The Freedom to Fear
Sunday, January 8th, 2006As a species, humans fear. A ruler knows that the mob can be a deadly force if fear overtakes it. Despots have longed understood the value in instilling fear as means of control. Organized religion, capitalizing as is does the fear of the unknown, cannot exist without stoking the fires of uncertainty.
As individuals, we spend time and energy to avoid what we fear, even to our detriment. Avoidance of what discomforts us can further our discomfort. A man I know doesn’t like computers. In a sense, he fears what he doesn’t know and what he does not want to learn. As a result, he is willing to give up his job because it increasingly involves a computer to document his actions, to communicate throughout the corporation, to keep track of the workload. Fear of the unknown, however benign the unknown may be, rules his actions and forces his decisions. This fear causes personal anxiety and organizational disarray within the workforce. One man’s fear affects everyone around him.
People can adopt a collective, social fear as well. September 11, 2001 caused a mass hysteria of societal fear we are still reconciling today. Our leaders have capitalized on this fear to create a veritable blank check for legislation over the past few years. Only now, as the fear subsides, can we begin to understand how our emotional response to a tragedy of such proportion can influence the entire world. If tempered with reason, typical human emotions in response to 9/11 – anger, bitterness, retribution – are to some degree rationalized into a coherent response. Fear, however, cannot treat with reason. Because we as a nation fear another terrorist attack, we condone actions we otherwise would be horrified to contemplate, we look away as our military overcompensates for the wrongs against our nation, and we rationalize preemptive actions that have no bearing upon the actual causes of the terrorist attack itself.

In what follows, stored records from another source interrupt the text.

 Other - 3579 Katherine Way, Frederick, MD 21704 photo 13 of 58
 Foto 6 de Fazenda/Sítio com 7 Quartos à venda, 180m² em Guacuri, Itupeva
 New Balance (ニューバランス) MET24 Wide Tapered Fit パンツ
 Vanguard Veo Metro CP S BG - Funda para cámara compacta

In all of our brief national history, I find no example where America has ever given into fear as we have in this new century. As a people, we are inundated with alerts aimed at this most influential emotion: terror attacks and warning; avian flu; racism; food and environmental allergies; pollution and its affects; corrupt businesses; corrupt government; mass murderers; child molesters; car thieves… the list is endless. The media gleefully panders to our fear, because this means pennies in their pockets; the government eagerly panders to our fears because this creates a passive and more malleable population.

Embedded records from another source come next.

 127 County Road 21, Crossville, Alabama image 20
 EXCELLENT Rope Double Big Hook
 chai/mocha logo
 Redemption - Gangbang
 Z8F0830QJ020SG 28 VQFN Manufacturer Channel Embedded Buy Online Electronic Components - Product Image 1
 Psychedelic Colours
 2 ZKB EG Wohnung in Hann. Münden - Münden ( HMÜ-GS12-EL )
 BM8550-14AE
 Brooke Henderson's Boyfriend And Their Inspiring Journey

The past century of increased information overload has come with a price. Freedoms have increased, as affluence has increased: We are now free to fear everything around us. This new entitlement, handed out surreptitiously, is in reality anti-freedom. Fear shackles our minds. We are no longer free to let our children play outdoors, to sleep with our doors unlocked, to strike a conversation with a fellow shopper in the mall. We do not dare to leave our cars unlocked; we buy mace and take self-defense lessons. Our children are shuttled from building to car to building, breathing filtered air and feeling filtered sunlight in their skins. We are in constant connection with our teenagers via cell phones which act as a dog leash and masquerade as a safety net.
We fear, and this fear tells us what to buy and how to act. It shuts us off from each other. We vote for people who can stoke this fear. Therefore, we turn our minds off with a thousand entertainments to avoid looking at our fear, investigating our lives and the diminished lifestyles we silently, fearfully accept. Our media, the corporations who profit by selling into it, and by the government whose job becomes easier because of it, repackage fear. Collectively, these forces rename fear as “freedom”.
And we believe it.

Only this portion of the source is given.